Novamente me veio ao coração a imagem dos pastores de Belém. Desta vez, eu estava sendo visitado pelos pobres. Eles me recordavam não somente os pastores, também o próprio menino Jesus, pobre envolvido em panos, alojado fora da casa. Provei algo do espírito do natal...

sexta-feira, 24 de dezembro de 2010

A festa do encontro

A vida humana se enriquece de maneira profunda quando há encontros.

Encontros de pessoas, de grupos, de povos, de nações.
Unir-se de fragmentos, soma transmutada em multiplicação.
Possibilidades de fortalecer e ampliar raízes, estabelecer conecções.
Algo mais do que estar geograficamente ou virtualmente próximo.
Gesto de aproximar-se, romper as solidões, questionar a auto-suficiência, trocar, abrir as mãos, olhar o outro e reconhecer sua alteridade.

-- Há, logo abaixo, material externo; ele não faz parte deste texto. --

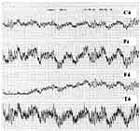 MRET EEG Test 3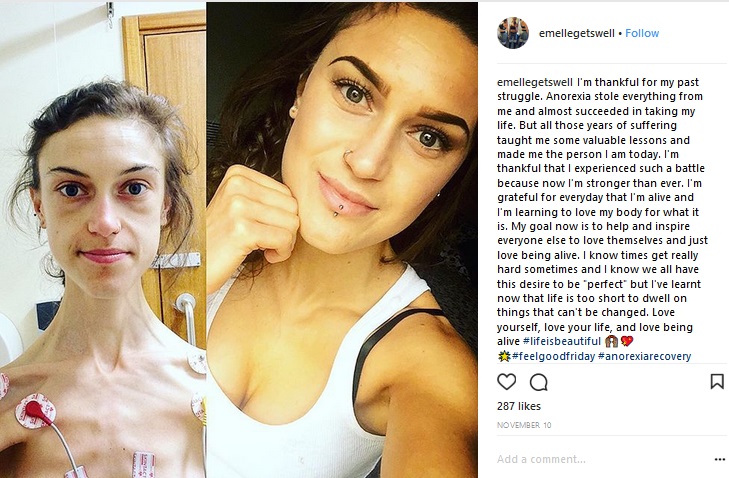 拒食症を克服した女性、自らビフォー＆アフターを公開（画像は『Emelle Lewis　2017年11月10日付Instagram「I’m thankful for my past struggle.」』のスクリーンショット）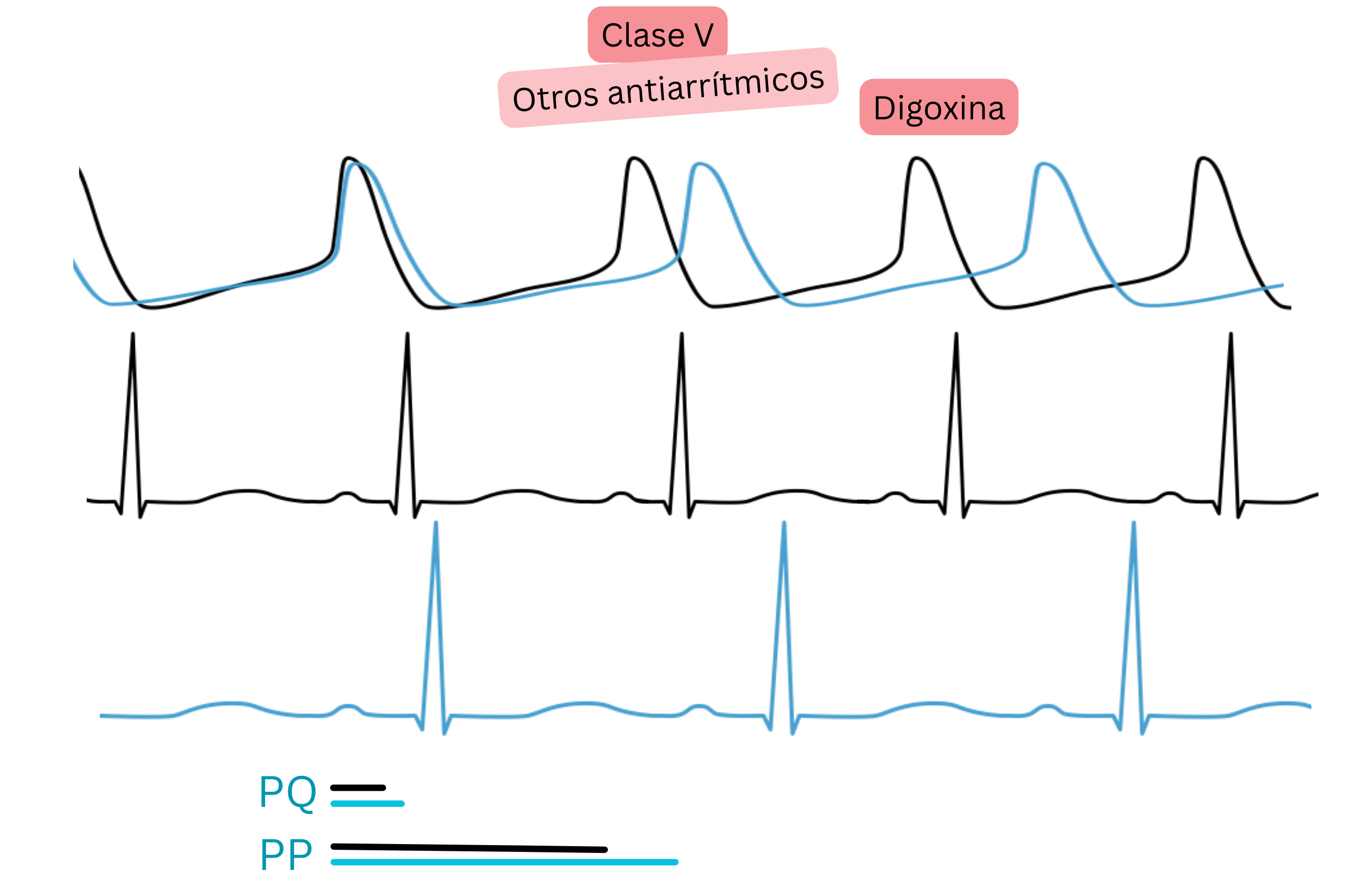 Esquema del efecto de la digoxina como antiarrítmico de clase V que muestra el aumento de la actividad parasimpática con prolongación del intervalo PQ y enlentecimiento de la frecuencia cardíaca en el ECG.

Encontrar-se é tecer laços que transformam as diferenças em oportunidades de aprender.
Uma energia boa circula, de forma que os interlocutores se saciam, para buscar novos encontros ou tecer laços mais estreitos nos mesmos encontros.
O natal é a grande celebração do encontro.
Encontro de Deus com a humanidade, a ponto de se fazer um nós, para intensamente se tornar um conosco. Por isso, o menino de Belém é chamado “Emanuel”: Deus conosco.
Viva o natal, a festa do encontro!

Desta luz que ilumina tenuamente a gruta escura de Belém, se expande a Luz que se revela caminho a seguir, verdade em construção, vida comunicada.
Ao redor de Jesus acontecem muitos encontros: Maria, José, os pastores, os magos, o povo que se alegra. E essa alegria contagiante abraço o solo, o ar, a água, a energia do sol, os microorganismos, as plantas, os animais, toda a humanidade.
O filho de Deus se fez carne, se fez matéria. Para fazer-se encontro.
Viva o natal!
Afonso Murad

quarta-feira, 8 de dezembro de 2010

Educação no Brasil: longo caminho a percorrer

Segundo a Folha de São Paulo*, “os estudantes brasileiros com 15 anos melhoraram em leitura, ciências e matemática nos últimos nove anos. Seguem, porém, entre os mais atrasados do mundo. A constatação é da avaliação internacional chamada Pisa, coordenada pela OCDE (organização de nações desenvolvidas), que analisou a educação em 65 países".
O exame avalia as áreas a cada três anos. Nesta edição, a prioridade foi leitura, em que a média brasileira avançou 4%. Essa melhora significa que o aluno de hoje tem um conhecimento equivalente a seis meses de aula a mais do que os de 2000, conforme cálculo da Folha”.
O avanço foi "impressionante". Ainda assim, os brasileiros estão com mais de três anos de defasagem ante os chineses, os líderes da lista, que passaram Finlândia e Coreia.
Mas, no ranking o Brasil está na 53ª posição, com nota semelhante a Colômbia e Trinidad e Tobago. Os avanços percentuais em ciências e matemática foram maiores que os de leitura, mas as colocações são semelhantes.
A avaliação aponta que o conhecimento médio do aluno brasileiro permite que ele entenda o núcleo simples em um texto, mas não consegue encontrar, a partir de trechos diferentes, a ideia principal de uma obra.

A notícia faz pensar. De um lado, houve melhoria na educação, fruto de imensa dedicação de professores, professoras, e gestores(as) que no cotidiano das escolas públicas e particulares, tem se dedicado com afinco à sua missão. Embora menos do que seria preciso, convém ressaltar ainda o compromisso do poder público de vários municípios, estados e da Governo Federal. De outro lado, estamos com uma situação ainda muito aquém do aceitável para uma nação com tanto potencial. A superação da pobreza e da exclusão social exige mais atenção à educação e aos educadores, nos diversos níveis. Nesta tarefa, todos nós que atuamos em escolas ou universidades nos chamamos interpelados! E temos que fazer ouvir nossas conquistas e nosso clamor.